The character on the right has brown hair and is wearing a military uniform with a belt, brown knee-high boots, and fingerless gloves. She is also holding an assault rifle and has a pouch attached to her thigh.
Both characters have a simple white background.", "response_text": "The image contains text.
On the left side, there is text that reads "IMI GALIL" in large, bold letters, followed by "\u52a0\u5229\u5c14" in smaller text.
Below this, there is a section titled "BIOGRAPHY \u4eba\u7269\u7b80\u4ecb" with a rating scale and a description in Chinese characters.
The text is in a simple, clean font and is located in the upper left corner of the image.

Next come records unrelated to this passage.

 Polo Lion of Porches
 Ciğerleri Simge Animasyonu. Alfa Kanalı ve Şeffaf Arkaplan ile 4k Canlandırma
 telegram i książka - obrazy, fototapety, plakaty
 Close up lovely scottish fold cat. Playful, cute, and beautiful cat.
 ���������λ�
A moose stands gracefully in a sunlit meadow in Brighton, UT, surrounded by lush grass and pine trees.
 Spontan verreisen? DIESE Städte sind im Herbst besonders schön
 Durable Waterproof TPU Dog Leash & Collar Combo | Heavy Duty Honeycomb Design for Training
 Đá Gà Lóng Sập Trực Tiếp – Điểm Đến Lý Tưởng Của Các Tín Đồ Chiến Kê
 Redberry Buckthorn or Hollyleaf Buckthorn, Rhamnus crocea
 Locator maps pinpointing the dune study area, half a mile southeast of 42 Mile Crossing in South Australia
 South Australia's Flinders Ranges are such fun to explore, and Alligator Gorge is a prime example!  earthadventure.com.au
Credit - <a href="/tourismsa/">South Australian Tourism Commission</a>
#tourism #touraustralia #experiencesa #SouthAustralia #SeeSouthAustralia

On the right side, there is text that reads "SIG-510" in large, bold letters, followed by "\u7a81\u51fb\u6b65\u67aa" in smaller text.

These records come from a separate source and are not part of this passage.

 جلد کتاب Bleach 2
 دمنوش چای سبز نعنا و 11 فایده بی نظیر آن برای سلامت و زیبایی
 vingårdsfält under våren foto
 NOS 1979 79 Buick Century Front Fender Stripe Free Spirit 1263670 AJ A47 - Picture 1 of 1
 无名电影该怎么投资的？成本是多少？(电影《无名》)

Below this, there is a section titled "BIOGRAPHY \u4eba\u7269\u7b80\u4ecb" with a rating scale and a description in Chinese characters.
The text is in a simple, clean font and is located in the upper right corner of the image.
All the unicode appeared in text are actually correct and meaningful:
\u52a0\u5229\u5c14 加利尔
\u4eba\u7269\u7b80\u4ecb 人物简介
\u7a81\u51fb\u6b65\u67aa 突击步枪
Reproduction
Please check the description above, I guess you can use provided image to reproduce this bug easily?
Environment
Not related to bug itself.
Error traceback
No response
the output is captured directly after tokenizer decode, wondering if it is related to tokenizer implementation?
Since I also found your official website version doesn't have this issue: https://internvl.opengvlab.com/
If possible, please provide more code details and specify the model versions used.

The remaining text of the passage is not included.